==== INPUT DATA ====

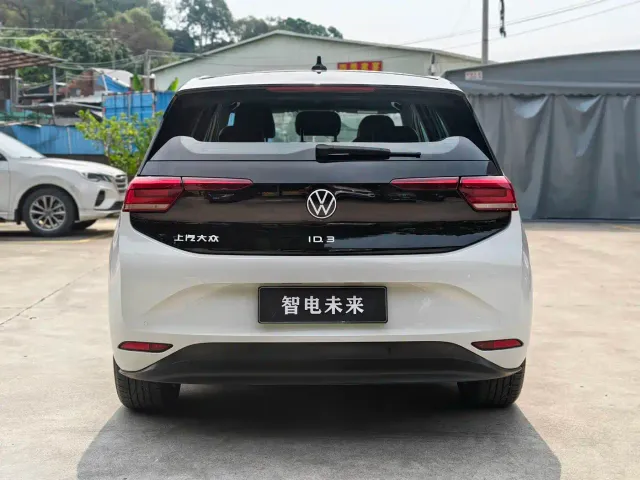 Volkswagen ID.3 — Фото автомобиля 5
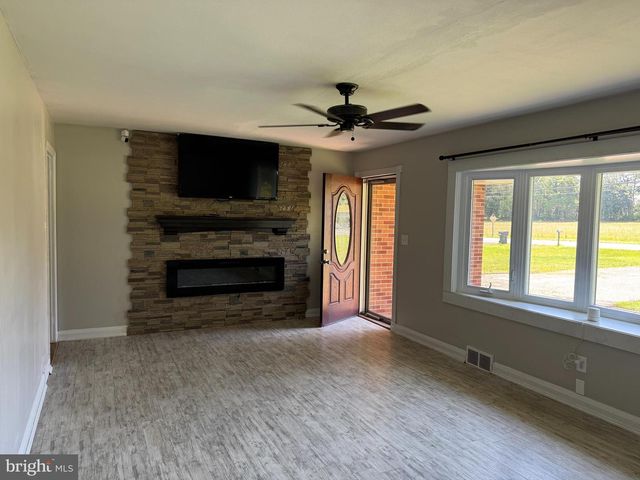 3404 CHURCHVILLE RD, Aberdeen, MD 21001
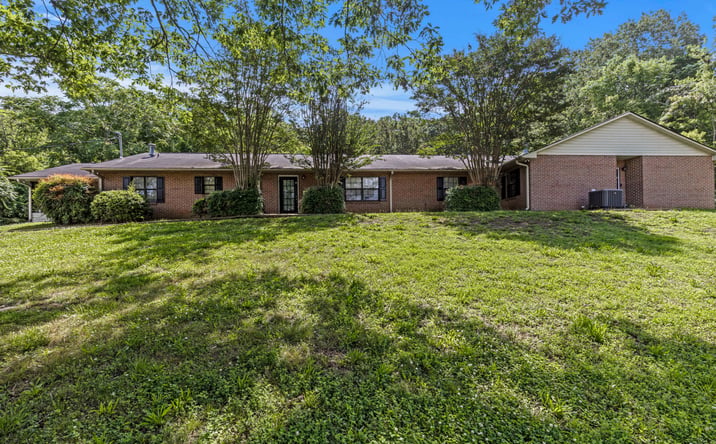 Pictures of Multifamily, Mixed Use property located at 920 Glenwood Drive, Chattanooga, TN 37406 for sales - image #1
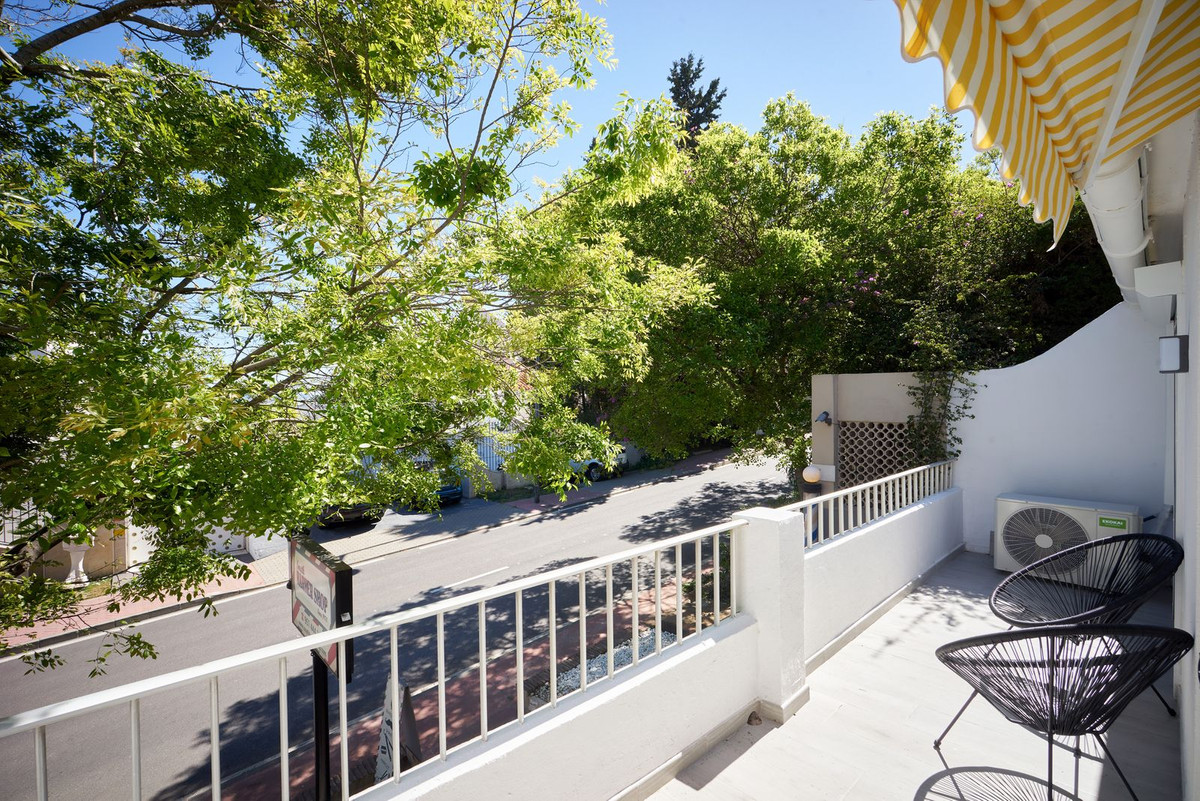 2 Bedroom Apartment in Marbella - Photo 22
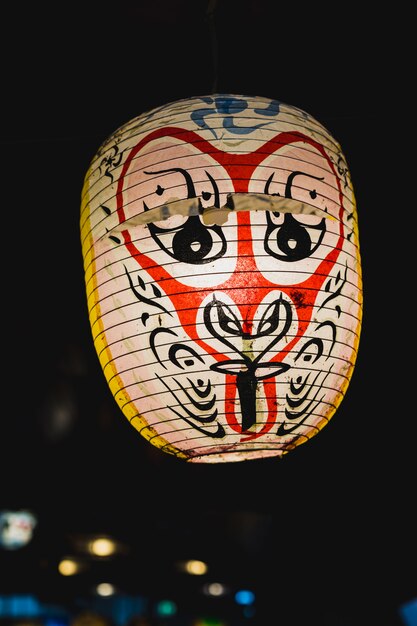 Lámpara de máscara JAPANESE KABUKI NOH en fondo oscuro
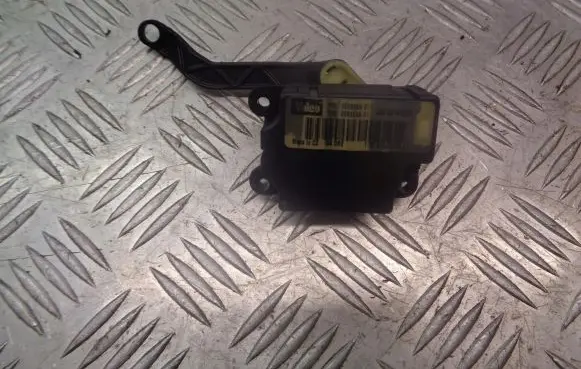 Opel Vectra C Central body control module 09180201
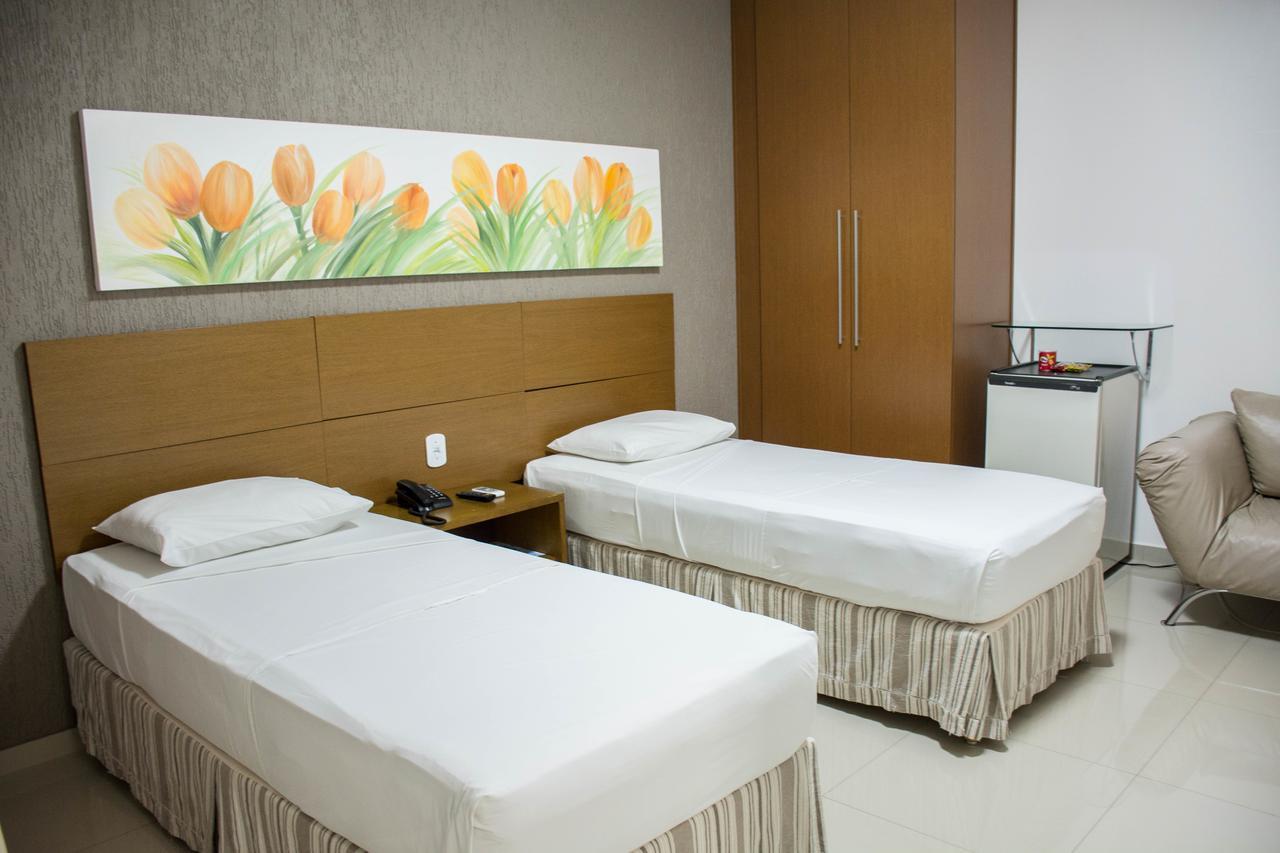 Star Hotel Itaperuna Bagian luar foto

====

Every line from the one containing "Opel Vectra C" through the last line of the data, both included, is to be repeated exactly; the pictures are to be left out.

 Opel Vectra C Central body control module 09180201
 Star Hotel Itaperuna Bagian luar foto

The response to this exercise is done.